In a statement on Thursday, Public Enterprises Minister outlined the plan for struggling national airline SAA’s business rescue.
Gordhan said the board had adopted a resolution to place the company into business rescue, which had been supported by government.
“This is the optimal mechanism to restore confidence in SAA and to safeguard the good assets of SAA and help to restructure and reposition the entity into one that is stronger, more sustainable and able to grow and attract an equity partner.
“Our desire is that the restructured airline will mark the beginning of a new era in South African aviation and must be able to bring in millions more tourists into SA; help create more jobs in tourism and related sectors of the economy and work with other African airlines to underpin and service the integration of African markets and improve dramatically intra-African trade and travel.
“It is also important that the reliance on government finances be reduced as soon as possible and to minimise disruption to SAA services, customers, staff and other stakeholders.”

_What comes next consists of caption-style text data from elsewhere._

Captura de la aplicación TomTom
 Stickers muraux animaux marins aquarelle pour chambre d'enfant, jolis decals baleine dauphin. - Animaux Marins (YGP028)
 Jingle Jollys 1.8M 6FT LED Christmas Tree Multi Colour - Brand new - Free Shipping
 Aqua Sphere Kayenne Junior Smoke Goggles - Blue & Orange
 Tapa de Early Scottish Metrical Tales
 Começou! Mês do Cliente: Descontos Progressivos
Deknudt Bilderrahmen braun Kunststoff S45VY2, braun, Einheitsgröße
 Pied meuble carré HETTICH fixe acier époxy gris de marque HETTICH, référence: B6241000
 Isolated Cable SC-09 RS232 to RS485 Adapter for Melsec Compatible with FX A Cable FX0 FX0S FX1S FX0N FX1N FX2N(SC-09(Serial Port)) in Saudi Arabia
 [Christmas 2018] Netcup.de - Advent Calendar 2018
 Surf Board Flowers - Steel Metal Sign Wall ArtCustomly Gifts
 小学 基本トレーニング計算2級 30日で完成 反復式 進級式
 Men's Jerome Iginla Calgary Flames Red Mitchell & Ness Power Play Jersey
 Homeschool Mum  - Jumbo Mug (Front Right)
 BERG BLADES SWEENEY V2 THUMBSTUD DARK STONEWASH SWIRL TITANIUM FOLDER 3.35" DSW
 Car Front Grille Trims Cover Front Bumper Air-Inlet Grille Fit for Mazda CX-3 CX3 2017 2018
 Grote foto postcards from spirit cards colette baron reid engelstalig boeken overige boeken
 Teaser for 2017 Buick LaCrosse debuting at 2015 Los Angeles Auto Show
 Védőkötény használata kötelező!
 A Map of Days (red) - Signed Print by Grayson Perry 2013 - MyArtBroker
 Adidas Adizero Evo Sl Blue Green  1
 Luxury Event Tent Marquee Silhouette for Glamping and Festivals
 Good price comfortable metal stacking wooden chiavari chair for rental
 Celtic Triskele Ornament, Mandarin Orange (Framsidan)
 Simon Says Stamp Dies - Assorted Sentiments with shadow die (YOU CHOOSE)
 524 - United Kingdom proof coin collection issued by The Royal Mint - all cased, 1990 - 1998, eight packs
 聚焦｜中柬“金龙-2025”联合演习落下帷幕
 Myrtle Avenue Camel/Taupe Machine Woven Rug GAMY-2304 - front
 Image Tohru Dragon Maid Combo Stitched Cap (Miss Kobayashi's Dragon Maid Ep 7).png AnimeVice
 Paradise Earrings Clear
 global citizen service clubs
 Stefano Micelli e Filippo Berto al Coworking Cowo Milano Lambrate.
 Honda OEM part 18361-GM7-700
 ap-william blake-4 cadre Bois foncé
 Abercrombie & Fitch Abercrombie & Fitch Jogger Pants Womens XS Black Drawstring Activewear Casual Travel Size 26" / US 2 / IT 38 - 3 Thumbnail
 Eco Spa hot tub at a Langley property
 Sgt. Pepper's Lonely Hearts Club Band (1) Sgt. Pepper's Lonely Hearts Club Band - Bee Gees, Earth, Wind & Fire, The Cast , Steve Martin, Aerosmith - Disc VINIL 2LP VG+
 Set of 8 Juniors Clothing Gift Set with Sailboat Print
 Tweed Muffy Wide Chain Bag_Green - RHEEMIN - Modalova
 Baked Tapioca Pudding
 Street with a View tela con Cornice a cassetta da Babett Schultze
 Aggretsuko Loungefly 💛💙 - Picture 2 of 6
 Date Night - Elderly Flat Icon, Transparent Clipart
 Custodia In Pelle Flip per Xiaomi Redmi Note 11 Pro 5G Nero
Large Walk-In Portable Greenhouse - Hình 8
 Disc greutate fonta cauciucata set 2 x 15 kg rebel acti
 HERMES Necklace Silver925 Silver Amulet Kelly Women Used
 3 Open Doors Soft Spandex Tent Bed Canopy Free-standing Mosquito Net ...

He said that business rescue was a well-defined process that would allow SAA to continue operating in an orderly and safe manner and keep its planes and passengers flying under the direction of a business rescue practitioner.
During the process it is hoped that the following will come about, in Gordhan’s words:
- Existing lenders to SAA will provide R2 billion as post-commencement finance (PCF) guaranteed by government and repayable out of future budget appropriations in order for the business rescue process to commence and to enable SAA to continue to operate.
- Government, though National Treasury, will provide an additional R2 billion of PCF in a fiscally neutral manner.
- The prevention of a disorderly collapse of the airline, with a negative impact on passengers, suppliers and other partners in the aviation sector in SA.
- The full recovery of capital and interest on existing debt provided to SAA by existing lenders that is the subject of existing government guarantees will not be impacted by business rescue.
- It will provide an opportunity to critically review the cost structure of the airline, while simultaneously attempting to retain as many jobs as possible. This reality was clearly understood in the recent wage negotiation process between the unions and the company.
- This approach also provides a structured opportunity to reorganise the state aviation assets in a way in which they are better positioned to be sustainable and attractive to an investment partner.
“It must be clear that this is not a bailout. This is the provision of financial assistance in order to facilitate a radical restructure of the airline.”
He said a business rescue practitioner would be chosen to take charge of the business and perform the function of operating the airline with the assistance of management. The practitioner would also undertake such rationalisations as were necessary.
This means that government, as the shareholder, will not be able to interfere any more.
“This set of actions should provide confidence to customers of SAA to continue to use the airline because there will not be any unplanned stoppages of flights or cancellation of flights without proper notice should that be necessary.
“The Department of Public Enterprise will also meet on an urgent basis with the business rescue practitioner, all the unions concerned and other stakeholders, in order to create a positive set of relationships and processes, which will ensure that there is a collective approach and optimal consensus on the direction of this company.
“We thank the South African Public, customers and suppliers of SAA for their understanding and patience during this difficult time.
“This initiative demonstrates that government will undertake the necessary bold steps in order to reposition its assets in such a way that they do not continue to depend on the fiscus and thereby burden taxpayers.”
He said the legal documentation was in the course of finalisation.